### PROBLEM
Your output should be the lines from the one containing "Pork meat cooking" through the last line below, both ends included, exactly as written and free of pictures.

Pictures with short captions
◇ ◇ ◇ ◇

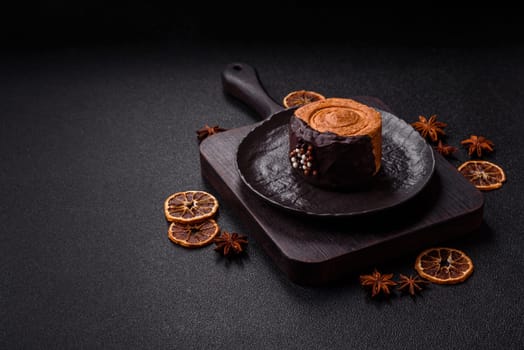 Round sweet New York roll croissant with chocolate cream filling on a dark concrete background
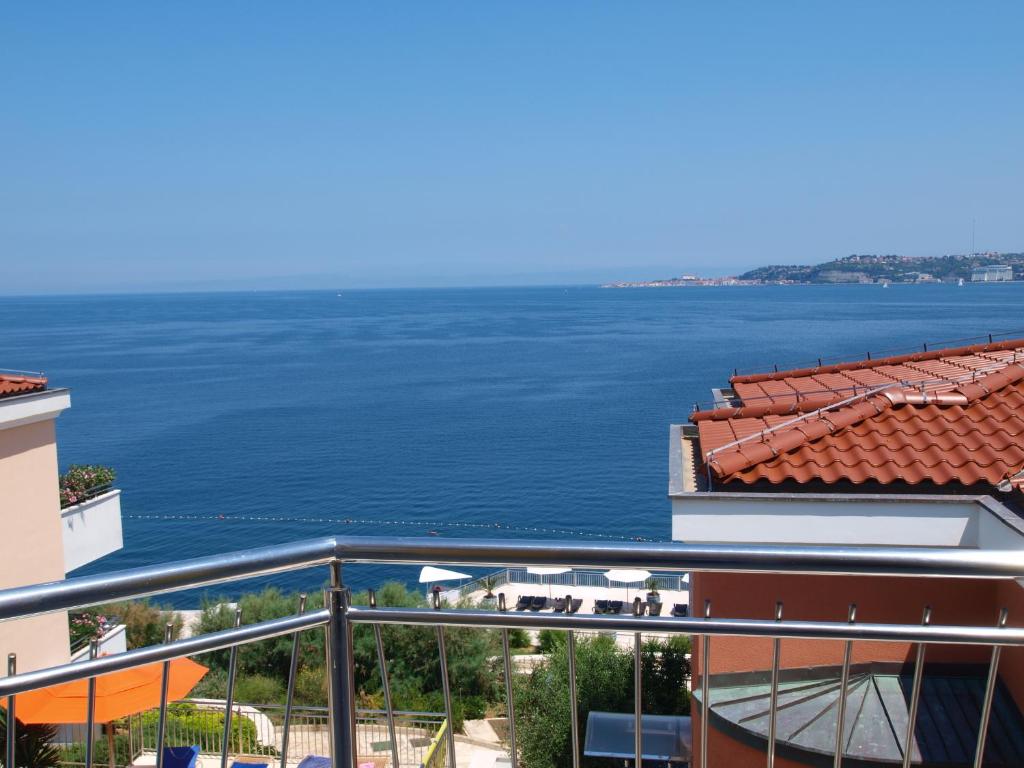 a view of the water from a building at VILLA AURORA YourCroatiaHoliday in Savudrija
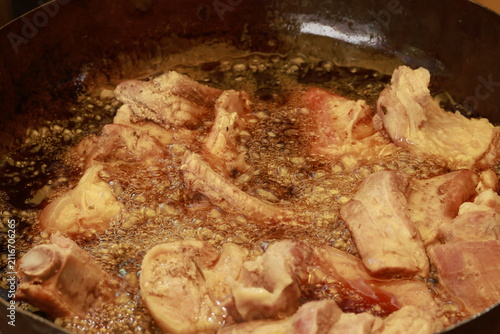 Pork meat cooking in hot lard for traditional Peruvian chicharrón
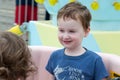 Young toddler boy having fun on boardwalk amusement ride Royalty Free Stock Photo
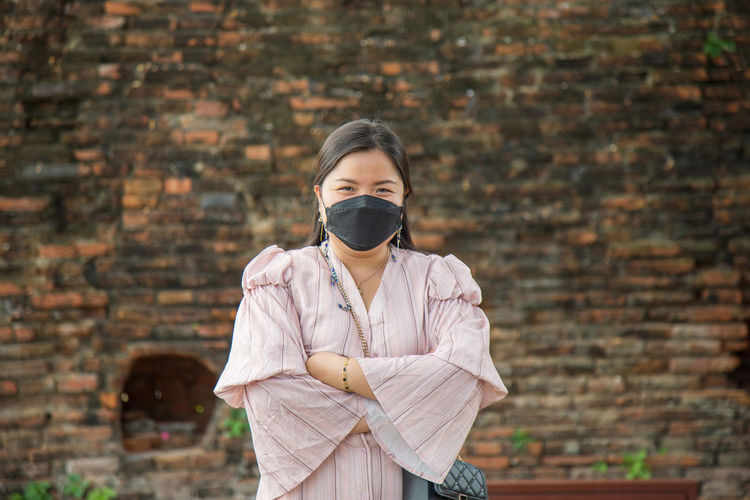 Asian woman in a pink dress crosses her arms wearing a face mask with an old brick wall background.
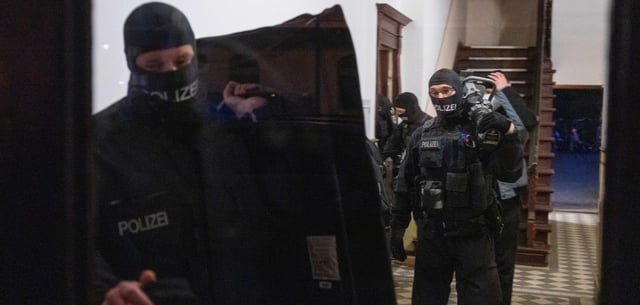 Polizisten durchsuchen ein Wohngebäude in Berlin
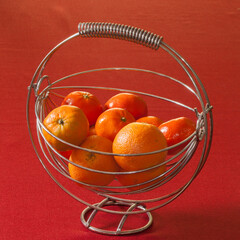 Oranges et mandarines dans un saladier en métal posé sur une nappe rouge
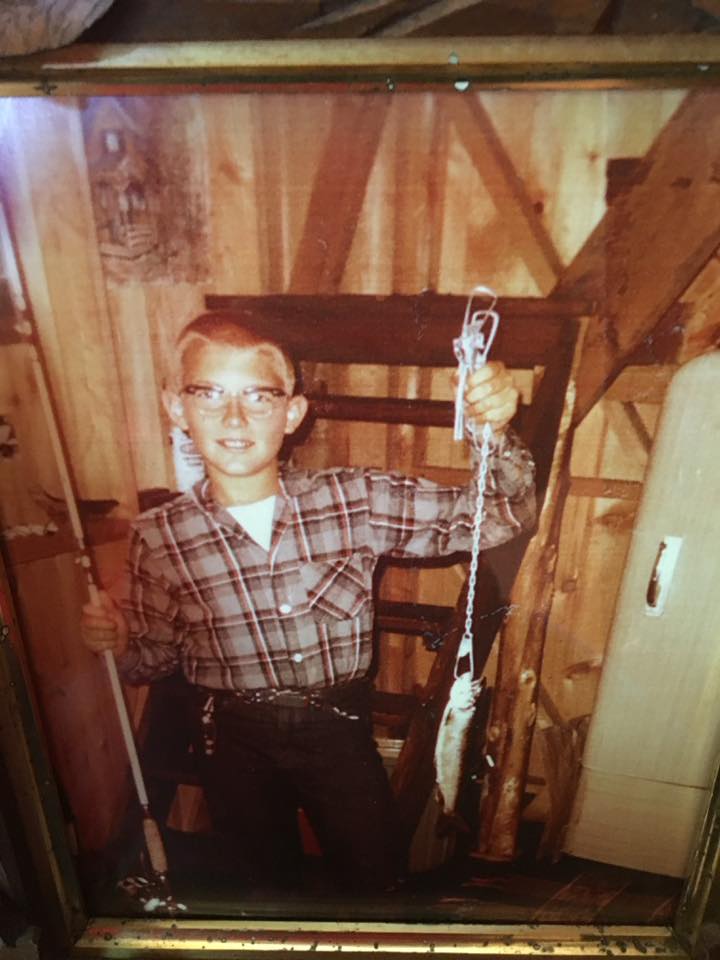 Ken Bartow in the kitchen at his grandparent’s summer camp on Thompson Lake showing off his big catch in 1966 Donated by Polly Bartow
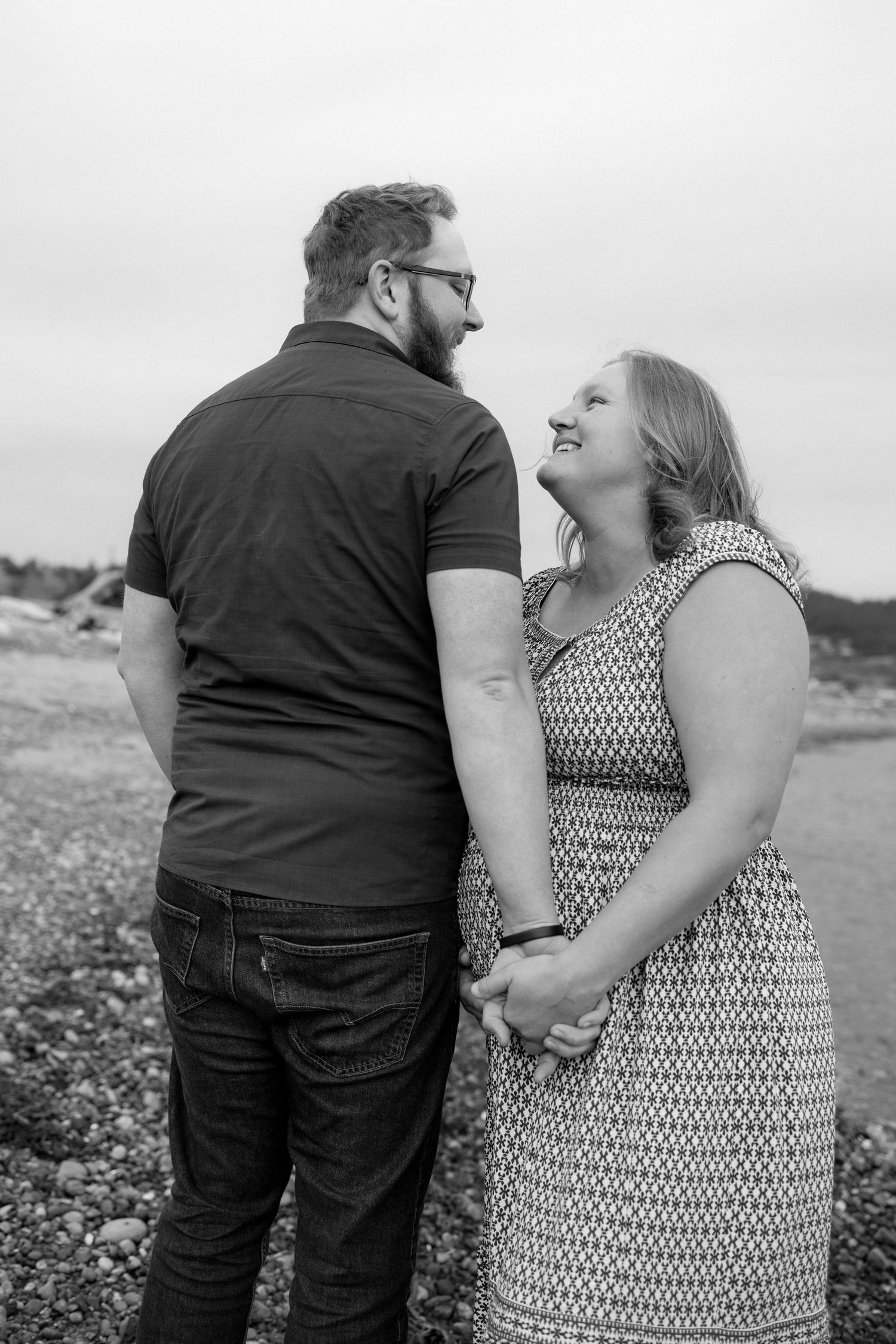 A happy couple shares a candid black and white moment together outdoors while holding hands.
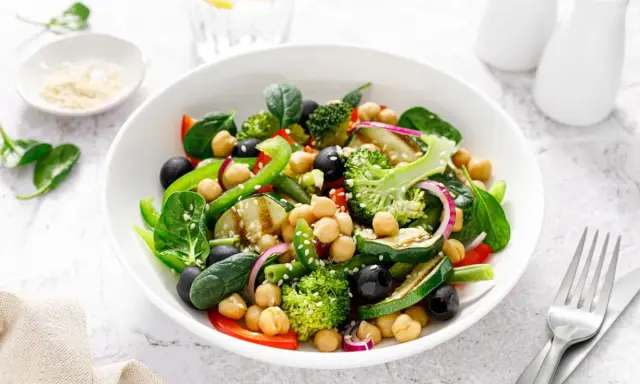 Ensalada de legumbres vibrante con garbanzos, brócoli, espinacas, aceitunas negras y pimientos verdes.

◇ ◇ ◇ ◇

### COMPLETED EXERCISE
 Pork meat cooking in hot lard for traditional Peruvian chicharrón
 Young toddler boy having fun on boardwalk amusement ride Royalty Free Stock Photo
 Asian woman in a pink dress crosses her arms wearing a face mask with an old brick wall background.
 Polizisten durchsuchen ein Wohngebäude in Berlin
 Oranges et mandarines dans un saladier en métal posé sur une nappe rouge
 Ken Bartow in the kitchen at his grandparent’s summer camp on Thompson Lake showing off his big catch in 1966 Donated by Polly Bartow
 A happy couple shares a candid black and white moment together outdoors while holding hands.
 Ensalada de legumbres vibrante con garbanzos, brócoli, espinacas, aceitunas negras y pimientos verdes.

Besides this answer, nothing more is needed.